To ward off the claim by the Elambini community for restitution of the 1380 hectares of land, the wealthy Crookes Brothers relied on proof that it was annexed by the British colonial government in 1842 and given to white immigrants.

Judge Yasmin Shehnaz Meer ruled in the Land Claims Court in Randburg last week that the community had failed to prove the land was dispossessed from their forefathers after 1913.

A contentious clause in the constitution states that land which whites acquired before the passing of the Natives Land Act of 1913 cannot be claimed for restitution.

Located in Scottburgh on the South Coast of KZN, the land is home to 30 thriving sugarcane farms owned by the JSE-listed Crookes Brothers.

The 23 claimants, most of whom live in aMahlongwa, argued that the Crookes brothers chased their families off the land after 1913.

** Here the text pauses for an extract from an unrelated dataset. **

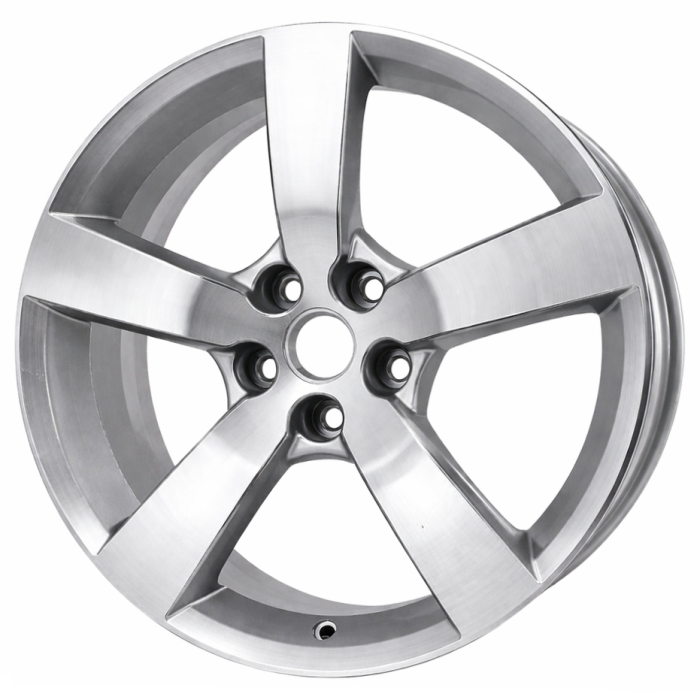 Pontiac G6 Wheel Rim Machined Silver 6598 Stock Factory OEM Replacement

But the Crookes brothers produced evidence showing that their great-grandfather Samuel Crookes acquired the farms between 1876 and 1882.

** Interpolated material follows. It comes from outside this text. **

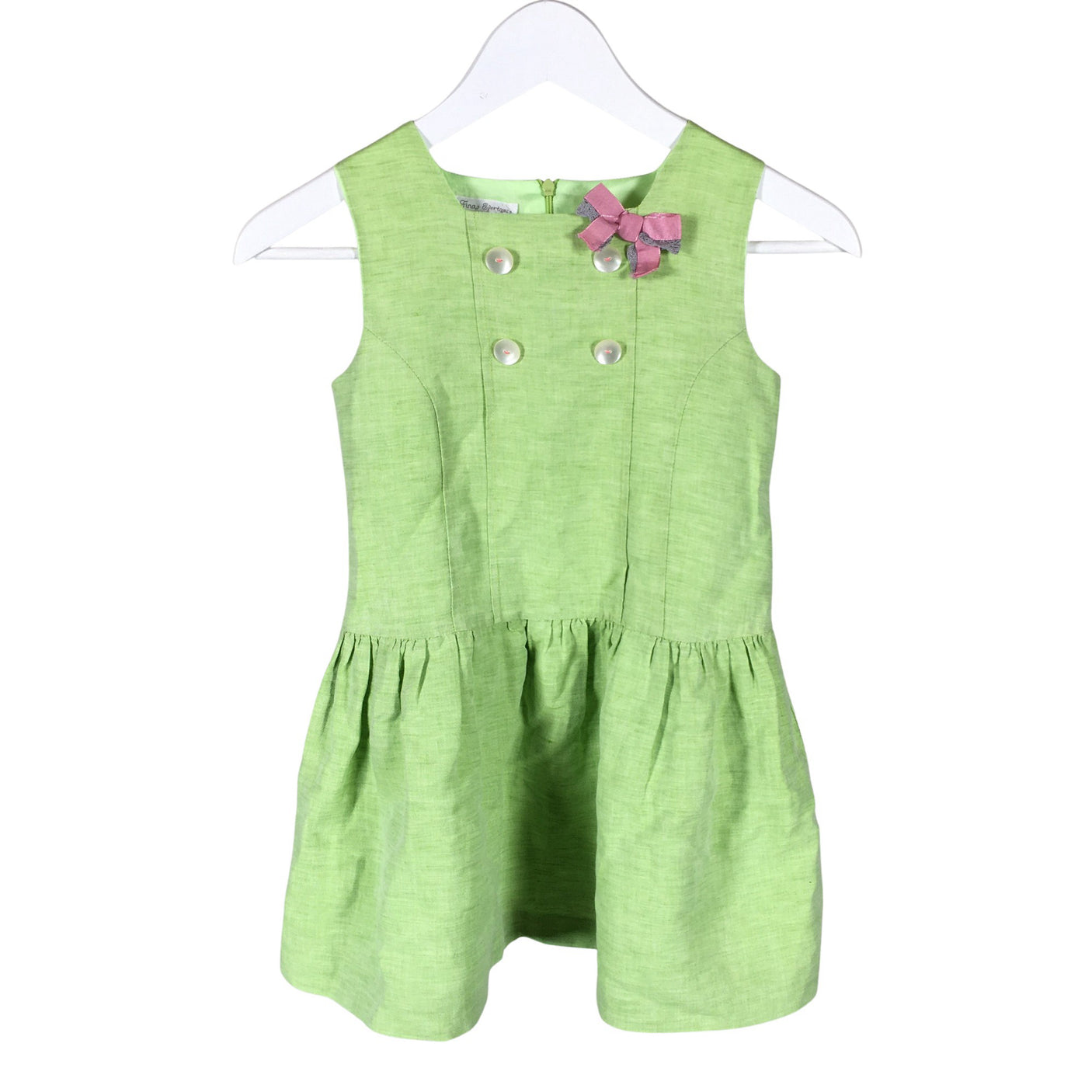 Unisex Fina Ejerique - Mitteveniv kleit, suurus 134 - 140 - Roheline (1)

The farms had been part of land that was granted to white immigrants in 1852 by the British government following the annexation of Natal, Judge Meer found.

“Intensive sugar farming has continued on the claimed land since the 1850s and continues to this day under the ownership of the (Crookes Brothers),” she said.

Judge Meer said these families would have been farm labourers on the claimed land by 1913, owing to intensified sugarcane farming.

She found that accounts of when and how the families were dispossessed were unreliable.

“Their evidence suggests a range of different dates when they moved.

"Most witnesses recorded the dates of removals as 1913, and opportunistically so

“The unreliability of such evidence speaks for itself,” Judge Meer said.

Sikhosiphi Ntaka, 61, told the court her forefathers were forced off the land on which they had cattle and grew crops in 1912.

To this, Judge Meer said: “On Ntaka’s version, the removal occurred in 1912, which is before the threshold date of 1913 required by the act for a valid restitution claim.

“Her evidence thus does not advance the plaintiff’s claim.”

Both the Rural Development and Land Reform Ministry and the Land Claims Commission supported the validity of the claim. In its reports, the commission said the community practised subsistence farming on the land until 1918, when colonial dispossession began in earnest.

Residents were reduced to labour tenants from 1932 through the enactment of the Native Service Contracts Act, it said. “The community was moved to unproductive and inhospitable reserve land,” the report added.

“The erosion of the rights on land, as well as the eventual dispossession, constituted discrimination against the claimants and was due to the interests of promoting white-controlled sugarcane farming and its demands for labour.”

Ian Blose, the attorney for the claimants, said his clients were considering appealing the judgment.